On March 4, 2015 Plaintiff and the Trust entered another amended Stock Purchase Agreement ("Second Amended Agreement") concerning this sale of stock. The parties dispute the circumstances surrounding this agreement, though the actual agreement was annexed to this motion as Exhibit C. (Dantuono Aff., Ex. C.) In exchange for no consideration, Plaintiff conveyed to the Trust 462, 991 shares of stock for $245,200, which the March 4, 2015 agreement stated Plaintiff "has received full payment for the Purchase Price." (Dantuono Aff., Ex. C.) Plaintiff alleges that the Trust's lawyer, Stephanie Gruenhagen contacted Plaintiff and they agreed that if Lyons would split the deal, that Gruenhagen would help find a buyer for the other portion of Plaintiff's shares. The only evidence of this oral agreement in the actual amended agreement is the intention that "The Purchaser and Seller will execute another set of documents for the purchase of the remaining shares." (Dantuono Aff., Ex. c.)
The Trust has been unable to deposit these shares of stock because Plaintiff has not provided certain required documentation to the Trust's brokerage firm, which would prove that the shares were validly issued. Plaintiff is required to provide this documentation under Section 4(b) of the Stock Purchase Agreement and its subsequent amendments. (Dantuono Aff., Ex.
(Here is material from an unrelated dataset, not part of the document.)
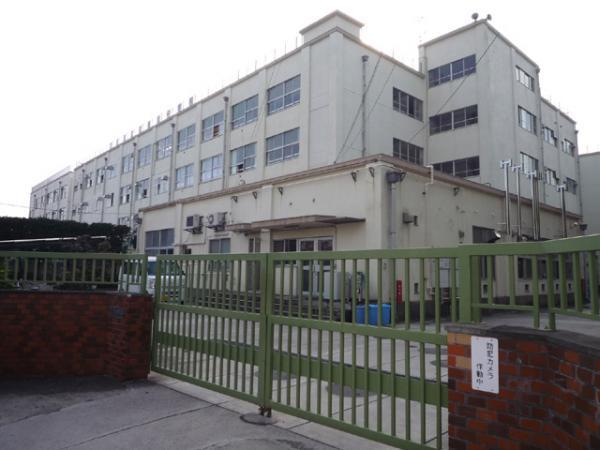 Junior high school. Hanahatakitachu 587m to school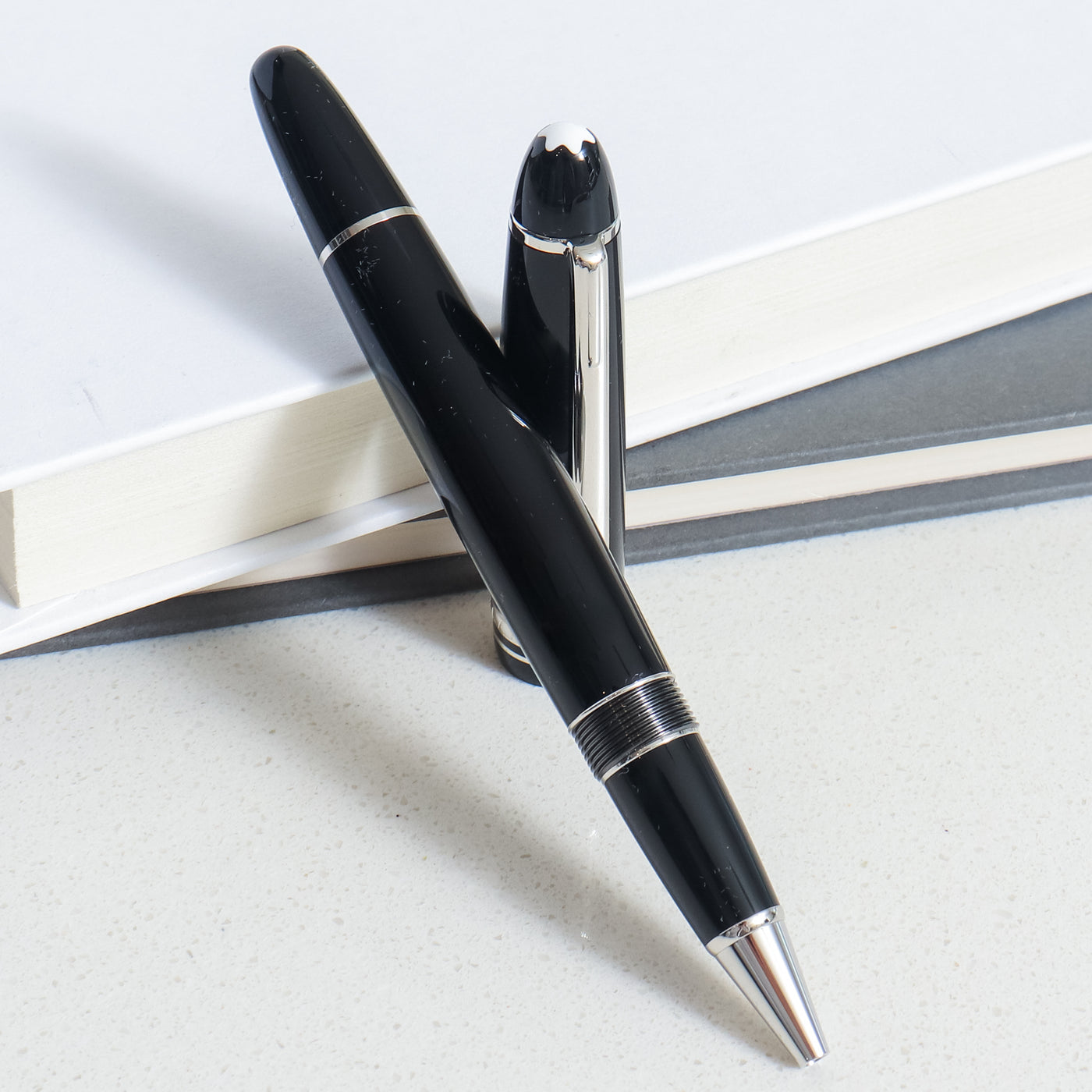 Montblanc Meisterstück 162 Platinum Coated LeGrand Rollerball Pen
C, Section 4(b).)
Plaintiff alleges breach of contract to collect for the unpaid portion of the original purchase price for the outstanding shares, which amounts to $246,907.50.
On a motion to dismiss pursuant to Rule 12(b), all factual allegations in the complaint are accepted as true, and all inferences are drawn in favor of the pleader. Mills v. Polar Molecular Corp., 12 F.3d 1170, 1174 (2d Cir. 1993). A complaint must contain "sufficient factual matter, accepted as true, to `state a claim to relief that is plausible on its face.'" Ashcroft v. Iqbal, 556 U.S. 662, 663 (2009) (quoting Bell Atl. Corp. v. Twombly, 550 U.S. 544, 555, 127 S.Ct. 1955, 1964, 167 L. Ed. 2d 929 (2007)). A claim is facially plausible when "the plaintiff pleads factual content that allows the court to draw the reasonable inference that the defendant is liable for the misconduct alleged." Iqbal, 556 U.S. at 663 (quoting Twombly, 550 U.S. at 556). In other words, the factual allegations must "possess enough heft to show that the pleader is entitled to relief." Twombly, 550 U.S. at 557 (internal quotation marks omitted).
Additionally, while "a plaintiff may plead facts alleged upon information and belief `where the belief is based on factual information that makes the inference of culpability plausible,' such allegations must be `accompanied by a statement of the facts upon which the belief is founded.'" Munoz-Nagel v. Guess, Inc., No. 12-1312, 2013 WL 1809772, *3 (S.D.N.Y. Apr. 30, 2013) (quoting Arista Records, LLC v. Doe 3, 604 F.3d 110, 120 (2d Cir. 2010)); Prince v. Madison Square Garden, 427 F.Supp.2d 372, 384 (S.D.N.Y. 2006); Williams v. Calderoni, No. 11-3020, 2012 WL 691832, at *7 (S.D.N.Y. Mar. 1, 2012)). The pleadings, however, "must contain something more than a statement of facts that merely creates a suspicion [of] a legally cognizable right of action." Twombly, 550 U.S. at 555 (citation and internal quotation omitted).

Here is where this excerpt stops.